[1] Theme Description - CS684 Spring 2021

CS684: Embedded System Course

Figure 1 shows the arena design for this theme.
The arena is an abstraction of a disaster-affected area made up of a grid with the START position marked.
The grid is made up of 16 squares called Plots.

Figure 1: Arena design

Each Plot has the following terms associated with it:
- Four Mid-Point Markers on every path around the Plot. Figure 2a highlights the Mid-Point markers for a Plot.
- The Clearing Zone, which is shown by the dotted square of 26cm x 26cm, highlighted in the green box in Figure 2b.
- A 6cm x 6cm Inner Square that is highlighted in Figure 2c.
- Four Nodes present at the corners of every Plot. This is shown in Figure 2d.

Figure 2: Terms associated with Arena

Rectangular chart paper patches are used to represent injured survirors and debris.
Three colored patches:
- Red - represent Survivors with Severe Injuries, those require urgent assistance
- Green - represent Survivors with Minor Injuries, those require not so urgent assistance
- White - represent pieces of Debris strewn on the roads which cannot be moved, thus causing a roadblock

Figure 3: Injured Survivors and Debris on Arena

The robot will start from the START position of the arena.
It must traverse around the arena avoiding debris and check for the presence of a Survivors in each plot.
If Survivor is present in the plot, robot detects the type of emergency (Minor or Severe) using color.
- Communicates the presence and type of Survivor to Desktop/Laptop.
During scanning, robot will get requests from the server on regular interval of 45 seconds.
- Robot satisfies the requirement by traversing to the appropriate plot and ringing a buzzer for 1 second. Note: This indication can be done only from one of the Mid-Point Markers associated with that Plot.
Once robot scans entire grid, it should stop at medical camp to mark an end of the run.

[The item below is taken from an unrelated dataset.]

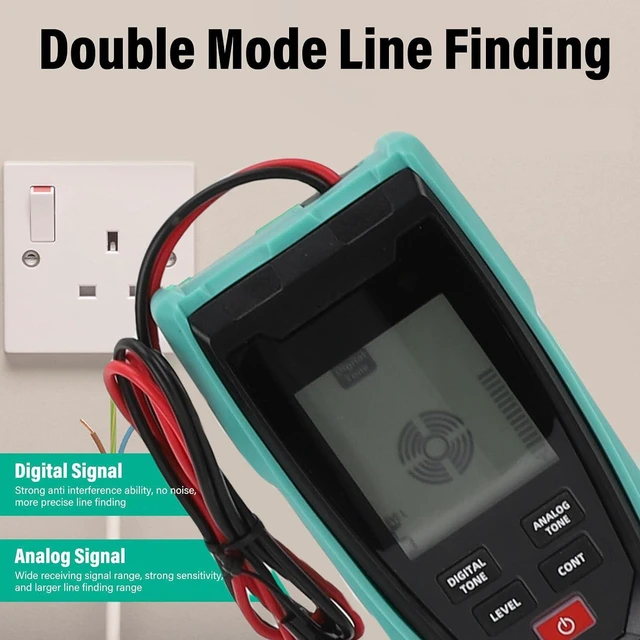 Alt view image 4 of 7 - Underground Wire Locator Adjustable Sensitivity Digital Analog Buried Wire Tracer Cable Break Detector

Robot (Firebird V) will communicate with ESP 32 module over UART using serial communication.
ESP32 will use Bluetooth Low Energy (BLE) to communicate with the internet-connected laptop. Note that ESP32 won't be connected to the Wifi and hence the internet.
Laptop will communicate with the Thingsboard server.

Input Operations

Thingsboard server will send RPC requests to the laptop on a regular interval of 45 seconds. We will provide you with a script to mock this behaviour in development.
Laptop receives the RPC requests using MQTT Protocol in JSON format.
The requests may contain single or multiple requests (actions to perform). Robot can decide to satisfy the requests or ignore them.
There can be different types of requests as given below:
- Fetch RED Survivor in 10s: Robot has to travesrse to the nearest RED Survivor plot and ring the buzzer within 10 second to satisfy the requirement.
- Identify Survivor at plot 4 in 20s: Robot has to traverse to plot 4, identify the Survior and ring the Buzzer within 20 seconds.
- No Request: No action needs to be performed

Output Operations

Once a request is performed by the robot, the response should be sent by the robot to the laptop over BLE and from laptop to the Thingsboard server. (The exact request and response formats are present under resource section (MockingRPC) [Updated April 6]).
The data should be sent as telemetry and the protocol to use while sending the data back to Thingsboard server will be CoAP. [Updated April 6]
Teams should prepare an interface (desktop app or web app) to show the requests received, indicate operations being performed on the arena and result of the operations. This is an open ended task so use your creativity.